La libertad de enseñanza se reguló en el Decreto de 21 de octubre de 1868. En la disposición se establecía que el Estado carecía de autoridad para condenar las teorías científicas y debía dejarse a los profesores en libertad para exponer y discutir lo que pensasen. También, debían ser libres para elegir métodos de enseñanza y libros de textos, así como para elaborar sus programas educativos. Estas disposiciones consagraban la libertad de cátedra. También, se ratificaba la libertad absoluta para crear centros educativos, sin limitación alguna; de hecho, la Constitución de 1869 establecía en su artículo 24 que todo español podría fundar y mantener establecimientos de instrucción o educación sin previa licencia, salvo la inspección de la autoridad competente por razones de higiene y moralidad. La libertad llegaba a los alumnos de centros públicos y privados, sometiéndoles a ambos a unos mismos exámenes y tribunales. Es importante, por otro lado, la aplicación de la libertad a algo que nos parece muy moderno. Nos referimos a la duración de los estudios, de manera que no podía ser igual para “capacidades desiguales”, es decir, que había que entender que existían alumnos que necesitaban más tiempo para aprender.

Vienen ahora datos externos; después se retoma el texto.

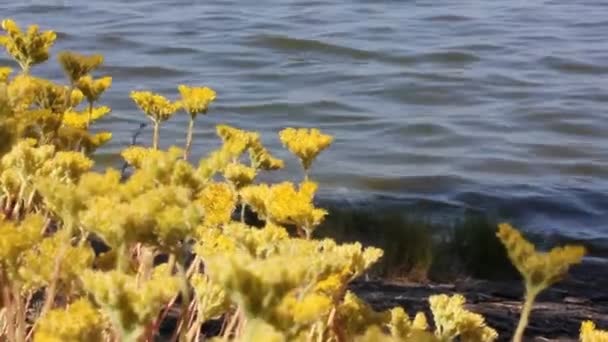 Yaz günü deniz suyuna karşı sarı çiçekler. Sandy Immortelle, latte. Helichrysum arenyumu, kuru çiçek, okyanus kıyısında yetişen bitkiler, nehir. Küçük dalgalar, hafif esinti. — Stok video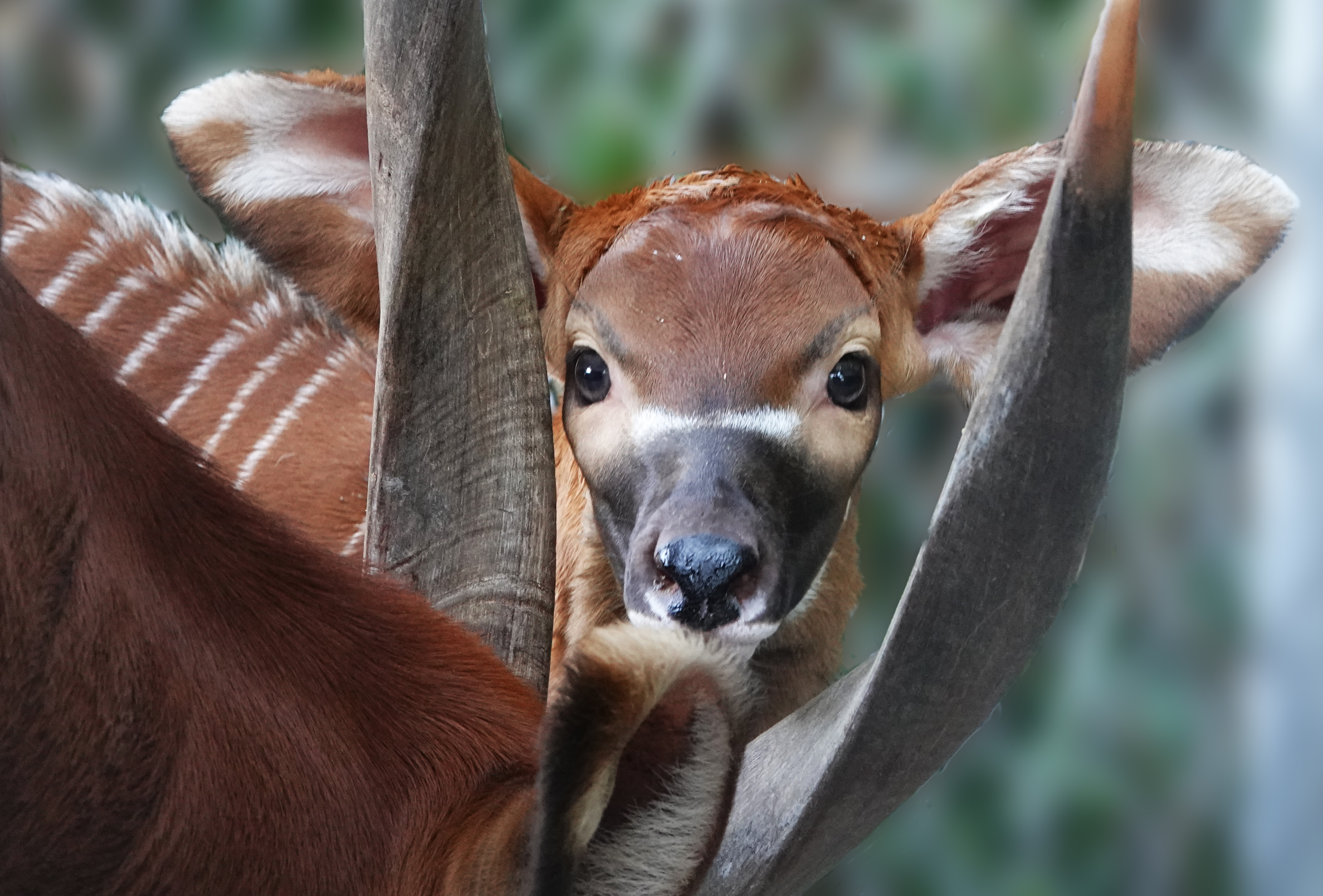 GALLERY: Naples Zoo has biggest baby boom ever in 2019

Aunque hubo un claro interés en el Sexenio por elaborar una nueva ley general de educación, basada en los principios progresistas y democráticos del liberalismo, no terminó de cuajar, seguramente por la fuerte inestabilidad política, generada por muchos factores. Sí se llevó a cabo una reforma en la enseñanza media, a través del Decreto de 25 de octubre de 1868, que reorganizó esta etapa educativa. Se modificó el plan de estudios, introduciendo novedades: promoción del castellano frente al latín en el bachillerato, materias nuevas como psicología, arte e historia de España, principios fundamentales del derecho, enseñanzas de agricultura y comercio, etc.

Las reformas introducidas en el Sexenio fueron muy matizadas y contrarrestadas en los inicios de la Restauración, cuando Cánovas estableció el nuevo sistema político. Pero en el último cuarto de siglo se vivió un intenso debate sobre la libertad de enseñanza, naciendo, como respuesta a la cerrazón gubernamental, la experiencia pedagógica más importante de nuestra historia contemporánea, la Institución Libre de Enseñanza.